Now if I can get the pics to load...


----------



## Take 'em (Nov 12, 2014)

Here's the flip side


----------



## Take 'em (Nov 12, 2014)

Another angle


----------



## Take 'em (Nov 12, 2014)

Last one


----------



## fish hawk (Nov 12, 2014)

That's a nice one!!!


----------



## julian faedo (Nov 12, 2014)

nice one


----------



## Nugefan (Nov 13, 2014)

that's a purty one ..


----------



## Take 'em (Nov 13, 2014)

welllll... I was hoping one of the artifact experts (Hillbilly, Nic, Willjo, Cheehaw, Bow Only) might stop by and have a little insight into the point on the right.  If any of yall have any experience with the Broward points, I'd love to hear yalls opinions and/or direction of what it might actually be.  

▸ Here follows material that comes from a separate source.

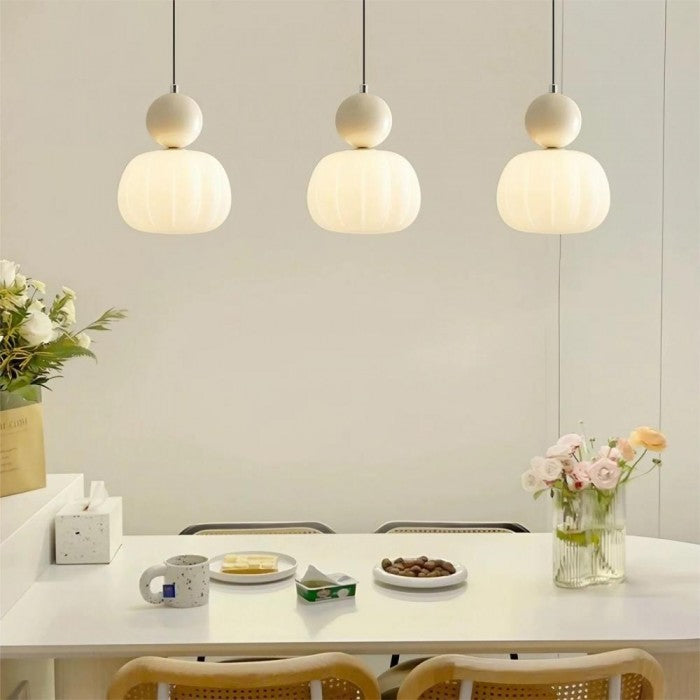 Modern Bauhaus Cream Pumpkin Pendant Light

Would also like to hear any opinions on any fo the others also... especially the square notched piece.  I kinda assumed the the top two in the pics were just flakes or maybe points that were started and never finished but who knows??  I can already see that this artifact hunting is gonna get addictive!  Any help is greatly appreciated.


----------



## Munkywrench (Nov 13, 2014)

I can tell you for sure the two in the middle are flakes. The real thin one was a thinning flake and the thicker one probably came off a spall. Top left maybe a flake too. The guys you mentioned will know better than me though. I just break rocks, I don't know all the points.


----------



## Nicodemus (Nov 13, 2014)

You have a nice stemmed point there. Not exactly what type it fits into, but it`s a projectile point more than likely used with an atlatl. 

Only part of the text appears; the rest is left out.